Each refugee receives an initial one time allotment of $925. These funds are referred to as Reception and Placement or RP money. Typically, this money is used to cover rental deposits and pro-rates, furnishing, initial food, utilities, and/or other items not donated by the local community to re-establish their new life. The money must be spent on their behalf or given to the refugee within 90 days of arrival.
In addition, refugees are eligible for Cash Assistance from the government or from the resettlement agency in the form of Match Grant. The refugee must apply for these benefits and meet an income and resource test to qualify for any assistance, just as U.S. applicants do. In addition, refugees must follow rules and guidelines to maintain these benefits. These responsibilities include actively seeking and maintaining employment.
Refugee resettlement is a program operated by the US government. Each year the President issues a Presidential Determination which establishes for the following year the number of refugees to be admitted and from which regions of the world. The U.S. Department of State along with the Department of Homeland Security, has a cooperative agreement with 9 resettlement agencies, some of which have religious affiliations but are not allowed to evangelize. Three of the 9 agencies have local affiliates here in Indianapolis, IN. These three national agencies are the United States Conference of Catholic Bishops (USCCB), which is Catholic Charities Indianapolis. The other two are Church World Service (CWS) and Episcopal Migration Ministries (EMM), which is Exodus.

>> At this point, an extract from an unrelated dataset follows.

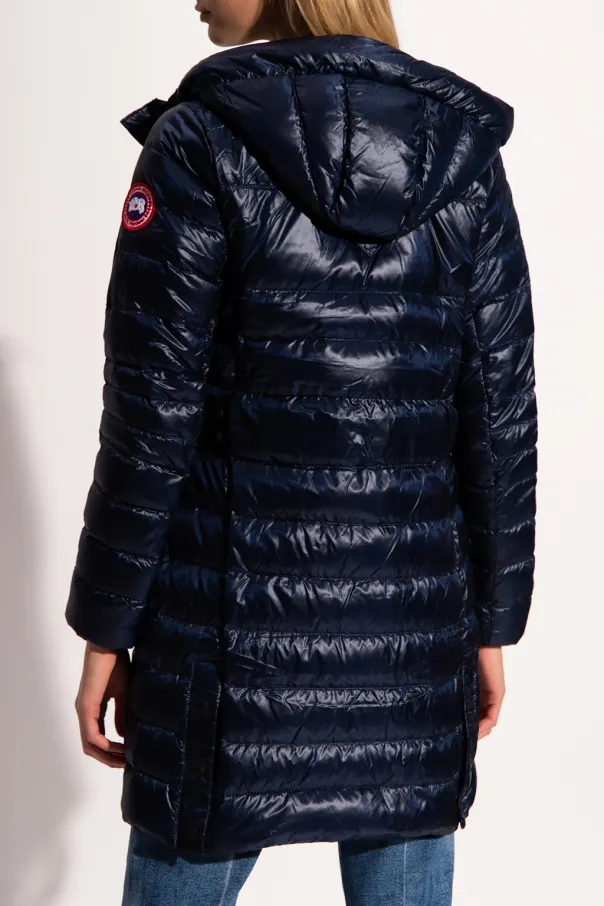 Logo-Patch Sleeve Padded Coat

Refugees legally come, by invitation from the U.S. Government. Upon arrival, they receive employment authorization cards. Desiring to become self-sufficient, refugees must apply and compete for jobs. Refugees also make jobs. They open new businesses that employ refugees as well as others living in the community. Refugees bring new energy and creativity into U.S. communities. As part of their pursuit of living the American Dream, importance is placed on home ownership. To achieve this goal, they live within their means, working for years until they have saved enough money for a down payment on a home.